The challenge in validating operational testing programs is not insurmountable, as Steve Ferrara and his colleagues at Cognia have illustrated. They have been using a validity argument to frame their technical documentation. They conclude with a summary of the available validity evidence collected to date and an evaluation of the degree to which the evidence supports the intended inferences and uses of the test and test scores (Cognia & MSAA Consortium, 2019). 

They summarize the evidence in what they call a “validity scorecard”, like the one shown below. The scorecard provides an easy-to-view summary that diverse stakeholders can review and deliberate on the quality of evidence and come to an overall evaluation of the testing program. I am not suggesting this is the only way to synthesize validity evidence and logic, but it serves as a useful example.

An easy-to-view summary that diverse stakeholders can review and deliberate over the quality of evidence and come to an overall evaluation of the testing program.
Figure 1. Cognia & MSAA Consortium (2019) Validity Scorecard

Closing comments

I appreciate being invited to be part of this session because, in spite of any differences, I think we all agree that there needs to be more of a focus on high-quality validity evaluations than we see in practice. I’m not just talking about state assessments. Interim assessments are so widely used for important purposes, such as purportedly improving instruction, that users deserve to have access to transparent validity evidence. Such evidence should not be hidden behind a proprietary wall.

Discussing both interim assessments and through-year assessments makes it obvious—in case it wasn’t obvious enough—that many assessments are being implemented to support some sort of action. Actions have consequences, which requires fully integrating evidence of test consequences into validity evaluations of these and essentially all testing programs.

Interim or through-year assessments are being implemented with stated goals of providing test-based information in order to help teachers gain insights into the learning needs of their students. Such implicit, and hopefully explicit, claims lead to questions that must be part of any validity evaluation. 

Theories of action are useful for articulating the processes and mechanisms necessary for test scores to lead to improved instruction and, ultimately, to increases in student learning.

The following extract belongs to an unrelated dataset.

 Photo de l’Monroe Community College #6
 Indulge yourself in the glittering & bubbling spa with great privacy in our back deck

For example, a theory of action might specify that teachers should be able to gain insights at a small enough grain size to target skills and knowledge that students had not yet grasped or identify what students need to learn next to maximize their progress. The theory of action is often a first step in validity evaluation. Laying out a theory of action helps identify the most high-leverage claims regarding test interpretation and use.

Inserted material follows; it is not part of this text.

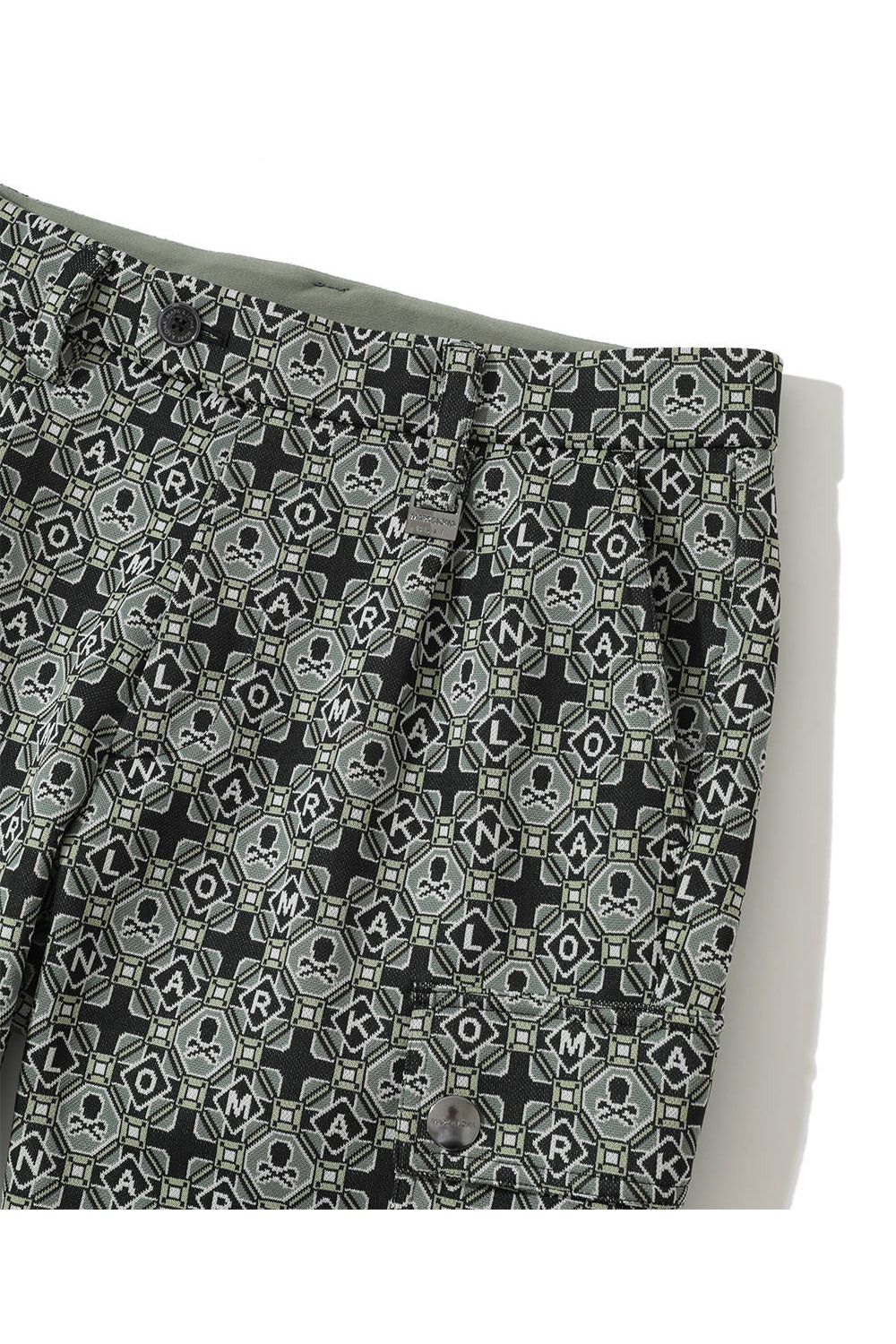 【2025AW 木村拓哉さん着用 VOL.7】 ROSETTE JACQUARD JERSEY TROUSER / ジオメトリックパターン カーゴポケット付きロングパンツ (カーキ)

These through-year systems, as well as existing interim assessments, often come with strong assertions. But strong assertions require strong evidence. I have not yet seen the evidence, nor the logical arguments, needed to support many of the assertions associated with through-year designs. Those advocating through-year systems have a responsibility to produce evidence to support their major assumptions and to evaluate this evidence fairly. I am concerned about negative consequences as a result of mixing instructional and accountability uses in the same system. Therefore, there is an urgency to construct interpretative arguments and collect evidence, especially in terms of both positive and negative consequences.

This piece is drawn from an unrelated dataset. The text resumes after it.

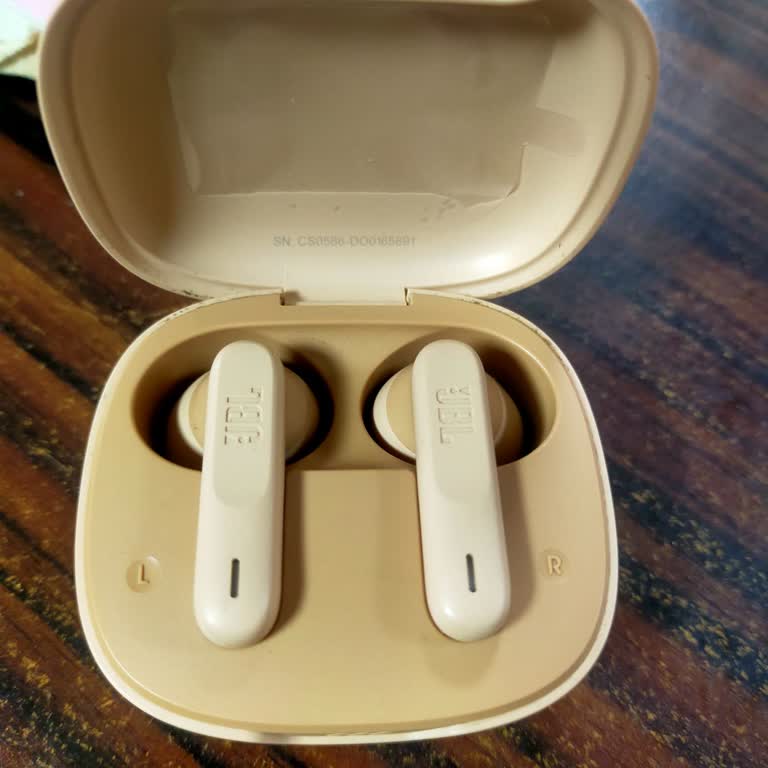 JBL Wave Flex Kulaklıkta Sol Ses Azaldı Ve Şarj Hızlı Tükeniyor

I use through-year assessments as an obvious example of the importance of consequences as a critical feature of validity evaluations. Essentially all tests that those of us who attended the NCME conference deal with are designed to support uses that carry the potential for negative consequences. Therefore, as Suzanne and I argue in our forthcoming chapter, it’s time to put this debate about consequences to bed and recognize the centrality of consequences to validity evaluations.